In Brewton, the Oregon Supreme Court held that the state may not impeach a defendant at trial, should he choose to testify, with incriminating statements that he gave to the police during custodial interrogation if the police fail to give him Miranda warnings. It rejected the rule that the United States Supreme Court subsequently adopted in Harris. The Oregon Supreme Court stated:
“While an argument can be made that ‘voluntary’ unconstitutional confessions can be distinguished from ‘involuntary’ unconstitutional confessions, solely for the purposes of impeachment, this dichotomy does not appeal to us as constitutionally meaningful.” State v. Brewton, 247 Or at 243. (Emphasis supplied.)
The court in Brewton rested its decision on Oregon precedents. Oregon law then and now requires exclusion of illegally obtained evidence for both substantive and impeachment purposes. In State of Oregon v. Goodwin, 207 Or 642, 645, 298 P2d 1024 (1956), the court had stated:
“To hold that a statement, which is in fact inadmissible as a confession, is, nevertheless, admissible as a contradictory *316statement effectively circumvents the rules governing confessions. It permits evidence to come in through the back door which would be excluded if it attempted to enter at any other place. Rather than create an effective by-pass for the exclusionary rule, the rule itself should be abandoned.”
The Brewton decision relied on Goodwin:
“As we have said before, circumvention of constitutional liberties is not to be encouraged by permitting illegally obtained evidence to come in ‘through the back door.’ State of Oregon v. Goodwin * * *.” State u. Brewton 247 Or at 246.
The majority holds that Brewton was displaced by Harris. Our Supreme Court, however, has resisted just such a step. In State v. Haas, 267 Or 489, 517 P2d 671 (1973), which was decided after Harris, the court was asked to overrule Brewton on facts analogous to the facts of this case.
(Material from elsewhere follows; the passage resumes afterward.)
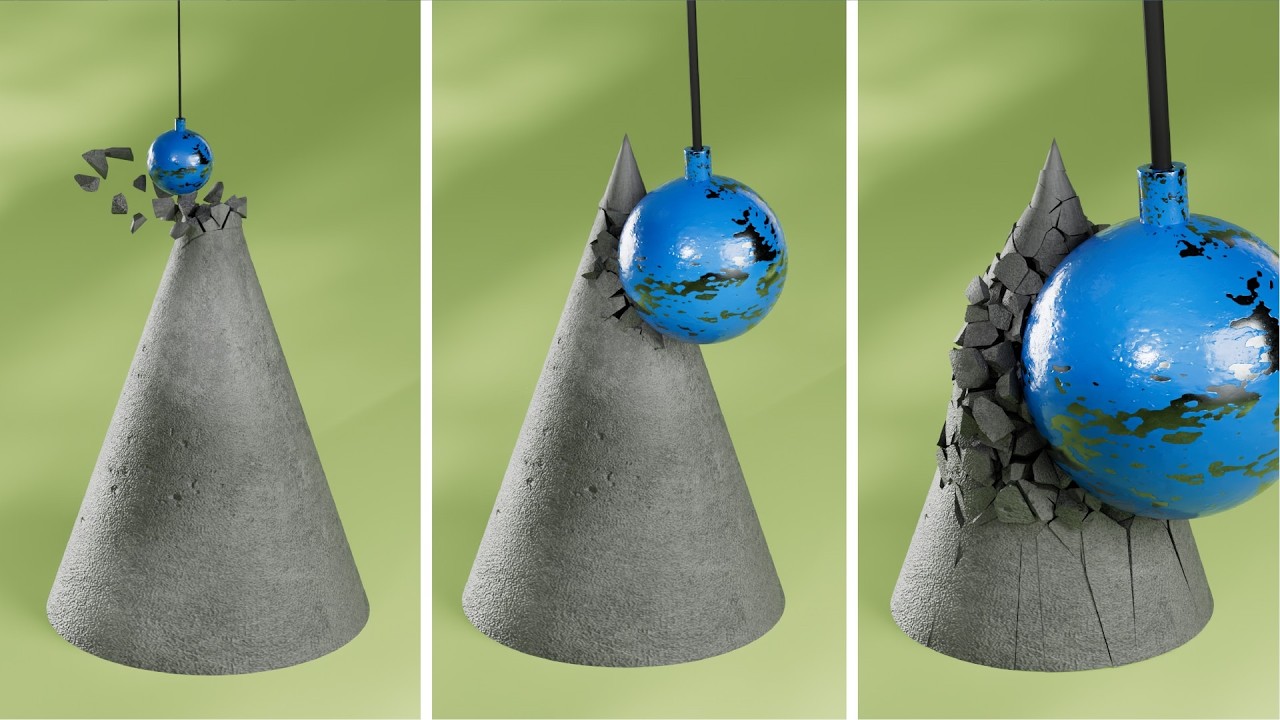 2 Minutes of Satisfying Physics Simulations in Cinema 4D &ndash; Cloth, Liquids, Destruction & More!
It chose not to do so.5
Even if we were to adopt the Harris rule for Article 1 section 12, we should not adopt the rule of Oregon v. Hass. The facts here are like those in Hass. Defendant requested counsel during custodial interrogation, but the police continued to question him, although defendant had not initiated further interrogation. The state used his subsequent statements to impeach him when he testified at trial on his own behalf. Unlike the situation in Harris, when the defendant was not given correct Miranda warnings, may not have felt the need for counsel and did not request counsel’s assistance at custodial interrogation, defendant recognized that he needed the assistance of counsel and attempted to exercise that constitutional right of which the police had advised him. A defendant who requests counsel at custodial interrogation is entitled to that assistance, and the police should not be allowed to frustrate that right by questioning him between the time he makes the request and the time he receives that assistance.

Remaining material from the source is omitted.